What is the difference between DataParallel and DistributedDataParallel?

Dawny33 · August 11, 2017, 12:40pm

I am going through this imagenet example: https://github.com/pytorch/examples/blob/master/imagenet/main.py

And, in line 88, the module DistributedDataParallel is used. When I searched for the same in the docs, I haven’t found anything. Possible to redirect me to it if any such doc exist for the module.

Else, would like to know what is the difference between the DataParallel and DistributedDataParallel modules.

fmassa · August 11, 2017, 7:57pm

DataParallel is for performing training on multiple GPUs, single machine.
DistributedDataParallel is useful when you want to use multiple machines.

csarofeen · May 4, 2018, 4:54pm

Sorry for resurrecting this old thread. The answer above made some confusion with some folks I’ve talked to.

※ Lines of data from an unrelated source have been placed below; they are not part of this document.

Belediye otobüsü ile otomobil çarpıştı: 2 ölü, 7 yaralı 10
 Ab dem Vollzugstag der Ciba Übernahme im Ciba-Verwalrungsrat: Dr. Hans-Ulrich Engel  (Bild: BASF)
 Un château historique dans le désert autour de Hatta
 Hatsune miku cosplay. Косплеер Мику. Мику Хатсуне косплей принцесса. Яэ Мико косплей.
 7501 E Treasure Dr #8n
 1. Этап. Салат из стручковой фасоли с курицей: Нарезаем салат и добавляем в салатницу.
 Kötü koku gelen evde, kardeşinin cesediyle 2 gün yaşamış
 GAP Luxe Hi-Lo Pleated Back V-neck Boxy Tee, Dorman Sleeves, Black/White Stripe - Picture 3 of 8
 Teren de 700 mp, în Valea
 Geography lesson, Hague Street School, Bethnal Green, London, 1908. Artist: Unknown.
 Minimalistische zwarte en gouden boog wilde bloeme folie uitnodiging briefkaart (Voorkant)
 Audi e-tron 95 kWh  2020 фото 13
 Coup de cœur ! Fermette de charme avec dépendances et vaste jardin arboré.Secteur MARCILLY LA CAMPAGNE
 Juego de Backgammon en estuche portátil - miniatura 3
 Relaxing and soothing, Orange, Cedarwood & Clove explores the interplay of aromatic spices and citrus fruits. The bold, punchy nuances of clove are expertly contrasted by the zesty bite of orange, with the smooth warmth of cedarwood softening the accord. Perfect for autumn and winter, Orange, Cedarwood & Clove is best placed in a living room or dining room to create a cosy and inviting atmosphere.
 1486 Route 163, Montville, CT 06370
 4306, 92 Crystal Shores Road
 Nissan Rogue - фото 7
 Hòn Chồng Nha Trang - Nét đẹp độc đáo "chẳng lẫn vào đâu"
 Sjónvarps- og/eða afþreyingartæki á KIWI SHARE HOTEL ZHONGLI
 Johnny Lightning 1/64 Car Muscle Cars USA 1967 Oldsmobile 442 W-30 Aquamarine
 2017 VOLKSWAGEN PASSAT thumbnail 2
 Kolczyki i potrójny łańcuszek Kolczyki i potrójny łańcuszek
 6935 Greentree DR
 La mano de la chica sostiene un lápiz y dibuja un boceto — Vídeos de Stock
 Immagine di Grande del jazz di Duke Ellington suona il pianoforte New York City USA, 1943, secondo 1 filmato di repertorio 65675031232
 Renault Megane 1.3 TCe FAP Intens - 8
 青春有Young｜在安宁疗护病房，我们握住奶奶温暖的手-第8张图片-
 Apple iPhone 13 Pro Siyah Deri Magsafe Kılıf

Distributed Data Parallel can very much be advantageous perf wise for single node multi-gpu runs. When run in a 1 gpu / process configuration Distributed Data Parallel can be beneficial as CPU based overheads are now spread across multiple processes.

Perf gains will especially be prominent in networks that have many small layers/operations. I primarily recommend to folks that they use single gpu / process Distributed Data Parallel over Data Parallel even for single node cases if they want to scale past 2 GPUs.

Toru · May 18, 2018, 2:37pm

Can you please elaborate on “When run in a 1 gpu / process configuration Distributed Data Parallel can be beneficial as CPU based overheads are now spread across multiple processes”? Thanks!

Hjjiang · April 1, 2021, 6:39am

Totally agree with you！
“I primarily recommend to folks that they use single gpu / process Distributed Data Parallel over Data Parallel even for single node cases if they want to scale past 2 GPUs.”